With three solid walls and a façade of glass, this little gallery already has a lightbox quality, and with the unabashedly polychrome paintings of Paul Behnke and Bill Page, the first impression is one of a rich and ebullient wave of color. A similarity in palette is the underlying premise of pairing these two artists in this show curated by artist William Norton, and it’s a firm base from which to start. They employ a range of strong colors positioned against complementary or opposing colors so as to create firm boundaries. These are not indistinct fields but considered zones, and the commonality between the two artists is the use of color as the main dynamo of form—after this initial unified statement, Behnke and Page move in their own unique directions. 
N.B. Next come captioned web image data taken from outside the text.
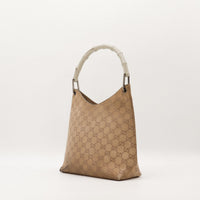 Hobo Bambou Gucci vue de profil gauche daim taupe monogrammé — AMANA Vintage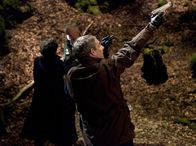 Sherlock – Holmes (Benedict Cumberbatch, li.) und Watson (Martin Freeman) verfolgen eine Spur.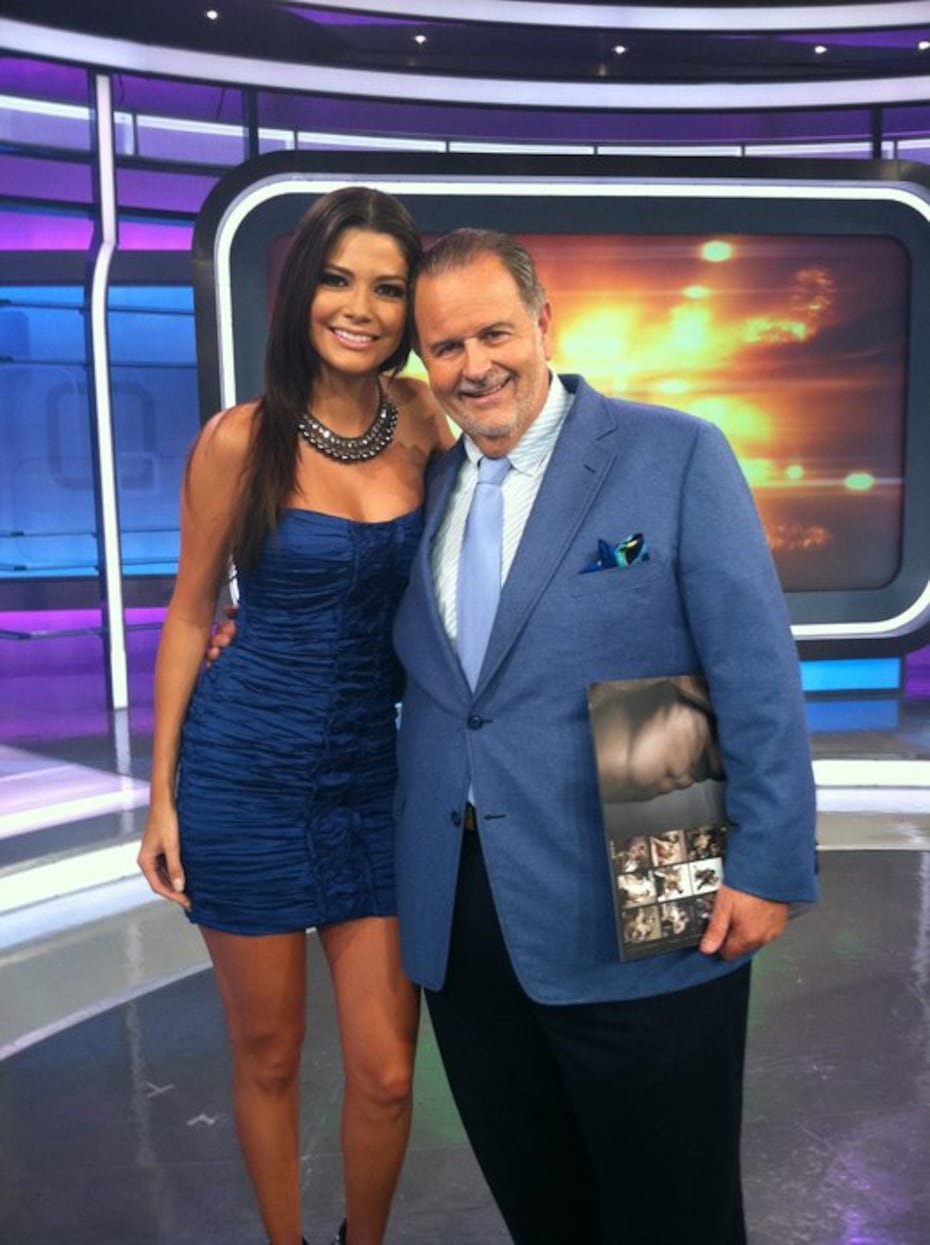 Gracias al premio de NBL, obtuvo un contrato con la cadena Univision y comenzó a trabajar en programas como “El Gordo y la Flaca”.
“Camazotz,” 2021, Paul Behnke

All of the paintings in “On the Road” are of a humble size: Page offers the viewer abstract glimpses and momentary visual thoughts of his beloved cathedral of Guanajuato in central Mexico, while Behnke’s canvasses, painted in Taos NM, are larger but still refrain from attempting to overwhelm the viewer. Behnke’s paintings invite the viewer to follow his train of thought. In Horus (2021), he begins by drawing us into a pair of lung shaped forms, one black, the other pink. From these, a network of light green lines expand and draw the eye to smaller pools of color, most notably yellow forms and lines, and into the dull, and looming Prussian blue background. Camazotz (2021), on the other hand, plays with the illusion of depth. A precipitously curving slope of morose gray holds the foreground while a punchy cadmium red is used for the background, creating a jarring truncated picture plane. In the middle Behnke constructs a vibrating structure of color, with blues, reds, pinks and greens, popping like crazy, but with the same gray and cadmium as well, offering a consistent optical path from the front to the back. 
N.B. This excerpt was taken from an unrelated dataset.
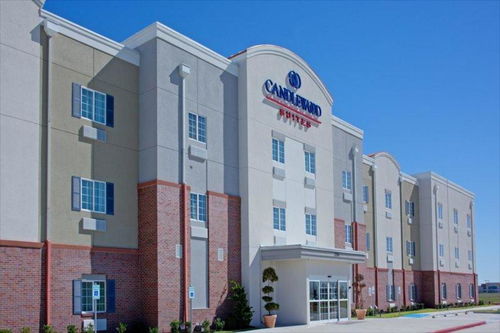 candlewood suites midwest city ok,Location and Accessibility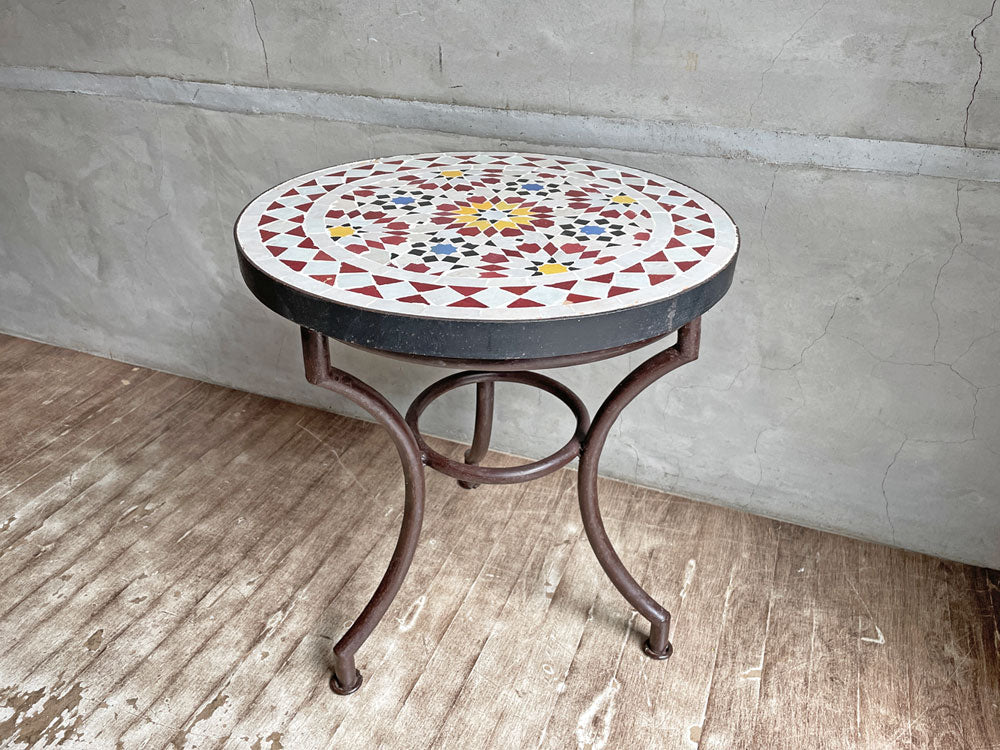 ビンテージ モザイク柄タイルトップ サイドテーブル プランタースタンド キャストアイアン 鋳物   中古品 買い取りしました。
Page’s paintings, unlike Behnke’s, are hung from the ceiling on down, to where they rest on the floor and lean against the wall. The effect is that of a kind of Proustian flood of memories. His subject is a colonial baroque cathedral, and his project seems to follow the path of the impressionists and postimpressionists, catching light as it transforms the architectural details of the cathedral. The cupolas, pediments, and architraves have all been abstracted out of recognizability, replaced by simple comparisons of color. Because they emerge from studies and sketches of the movement of light and shadow, and the transitions from morning to twilight across a complex form, they have an anchor in the real, which comes through. Page’s horizontal work (all are titled Cathedral of Guanajuato (2021), depicting three irregular pale yellow forms against a mottled brown and scarlet background, seems to show a transit of some kind—either of light moving across a sculptural form, or the sparkling highlights from a stained glass window. The artist emphasizes the movement through a ghostly swath of pale gray. 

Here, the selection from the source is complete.